Hello Guys. It has been a while since last post. However, today I would like to share with you my experience of presentation at the 36th International Conference on ocean, offshore and arctic engineering (OMAE) during 25-30 June 2017. It has been a year since then, but what left in our memory is often precious, and that's what I am gong to share with you. The financial support from EU Horizon2020, TRUSS, Lloyd's Register (LR) towards my research is greatly appreciated.

I cannot remember how many attendances of the conference, but OMAE has been a top conference on ocean engineering since thirty years ago. The conference 2017 was held in Trondheim, Norway where there are a large research community on ocean engineering contributing to the offshore oil and gas industry and ocean farming in Norway. Another feature of conference 2017 was a symposium in honour of Prof Torgeir Moan, who is definitely a leading professor not least in marine structure and reliability methods. It was a nice symposium contributed by presentations by, e.g. Prof Carlos Guedes Soares, Prof Michael Faber, Prof John D Sorensen, Prof Weicheng Cui, Prof Inge Lotsberg, etc. Prof Cui was our director when I was with CSSRC, where I had been a research engineer on structural modelling, design and testing for nearly four years. Prof Faber hosted and supervised my secondment at Aalborg University during my PhD. It was nice to see them in Trondheim. 

I presented a paper on the development of a probabilistic fracture mechanics model for inspection planning (Fig 1). My presentation was delivered in the symposium on Structures, Safety and Reliability, chaired by Prof Yordan Garbatov. A good question received was that whether the developed method would be adopted by the ship design rules of LR. Well, it's hard to say, as ship design depends on trade-offs among many systems and performances. Invited by Prof Yordan Garbatov, I chaired the session on Fatigue Reliability during the 36th OMAE conference. As a chair, there was a small gift, a very nice book on the culture, history and landscape of Norway (Fig 2). 

Fig 1Discussion after my presentation
Fig 2 The gift for conference chairs (a book on Norway culture, history and landscape)
I took part in discussion in the sessions: factors affecting structural integrity, reliability of renewable energy systems, risk analysis and management, fracture control and fatigue analysis, reliability of marine structures, fatigue reliability and the Torgeir Moan honouring symposium. There are several keynote presentations on the big data and future of offshore energy, shipping and technology (Fig 3). The last day, I visited the testing facilities in SINTEF and Statoil. 

Fig 3 A keynote presentation on shipping 2025
Trondheim and Norway are nice places, refreshing, cosy and convenient for hiking (Fig. 4 and 5). Well, the wooden houses along the river reminds me of old towns in the Yangtze Rive Delta, China(Fig. 6). 

Fig 4 Wooden houses in Trondheim
Fig 5 A fjord in Norway

Fig 6 Wuzhen, China, an old town in Yangtze River Delta

Friday 15 September 2017

Presentations and dissemination activites in 2017 (27th ESREL)

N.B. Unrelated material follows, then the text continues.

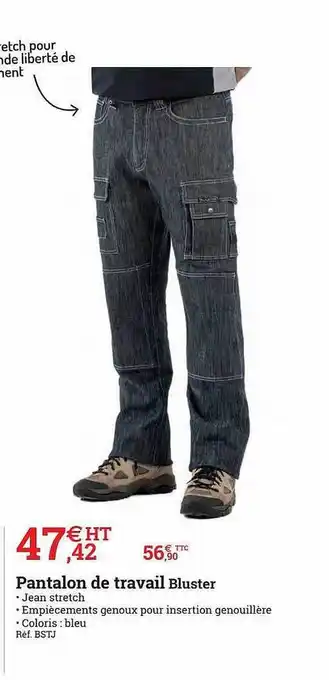 Espace emeraude Pantalon de travail bluster offre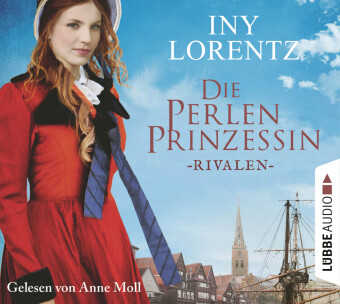 Die Perlenprinzessin - Rivalen, 6 Audio-CD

Hi Guys, I am back to you today to give you some information about my presentations and dissemination activities at academic conferences in the past months.

During 17-22 June 2017, I presented a paper Reliability-Based Inspection Planning in View of Both Crack Initiation and Propagation at the 27th European Safety and Reliability Conference ESREL2017 at  Portoroz, Slovenia.
Presentation at ESREL2017 - Reliability-Based Inspection Planning in View of Both Crack Initiation and Propagation
Presentation at ESREL2017 - Reliability-Based Inspection Planning in View of Both Crack Initiation and Propagation

Besides crack propagation, the paper investigates the crack initiation stage of welded structures, which is generally neglected in existing fatigue crack management systems for structural assets. Existing fatigue management systems generally assume that there are initial cracks/flaws in steel structures and the distribution of their sizes are known, and because of those the crack initiation stage is negligible compared with crack propagation. However, the assumptions usually cannot be fully satisfied, especially for some high-quality welds. The paper thus proposes to includes the crack initiation stage while developing inspection programme for such welds, and concludes with recommendations on the inspection method and planning approach to adopt while considering the crack initiation stage.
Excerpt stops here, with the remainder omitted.